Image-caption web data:
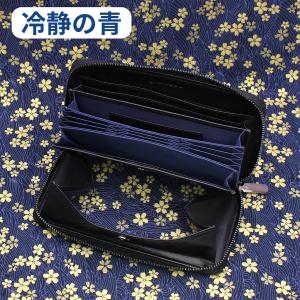長財布 メンズ 本革 日本製 革 黒赤 ブラン...の詳細画像2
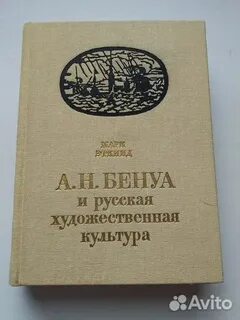Культура в избранные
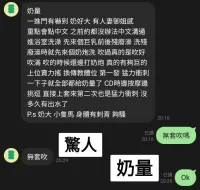 台中定點茶-奶量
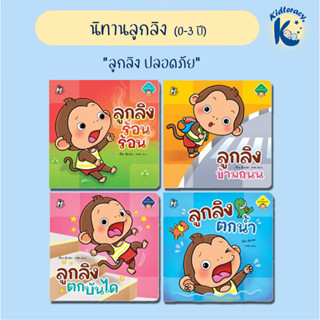 🎈นิทานลูกลิง🎈 นิทานภาพคำลอน ชุด ลูกลิงปลอดภัย แยกเล่ม ลูกลิงร้อนร้อน ลูกลิงข้ามถนน ลูกลิงตกบันได ลูกลิงตกน้ำ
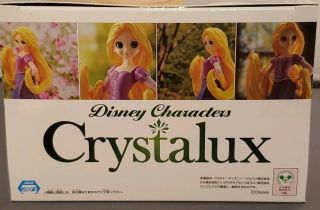 Disney Characters Crystalux Rapunzel Figure BANPRESTO Japan Exclusive 5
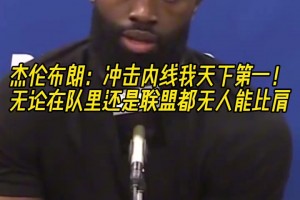 杰伦-布朗：我冲击内线的能力，联盟都没人能比肩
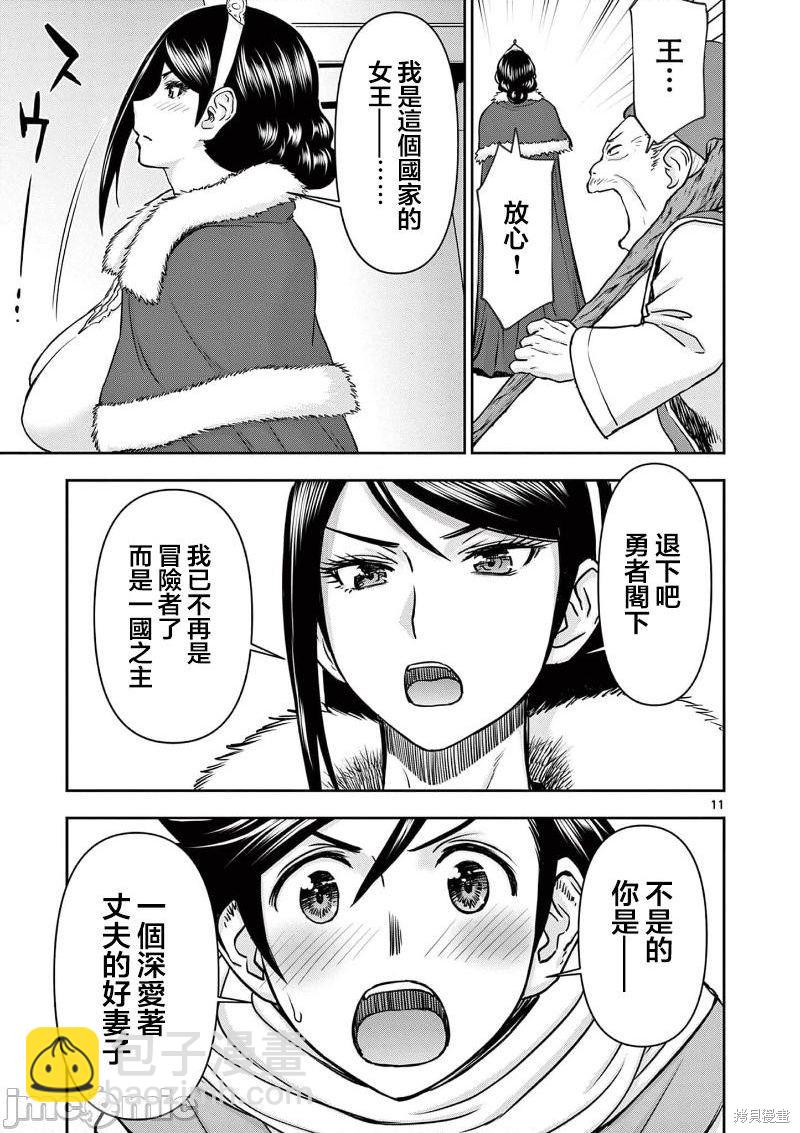 《异世界不伦勇者》02卷第5话 第12页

| Your assignment |
None of the pictures belong in the result. Print exactly the lines from the one containing "Disney Characters Crystalux" through the final line of the entries.

| Output of the task |
 Disney Characters Crystalux Rapunzel Figure BANPRESTO Japan Exclusive 5
 杰伦-布朗：我冲击内线的能力，联盟都没人能比肩
 《异世界不伦勇者》02卷第5话 第12页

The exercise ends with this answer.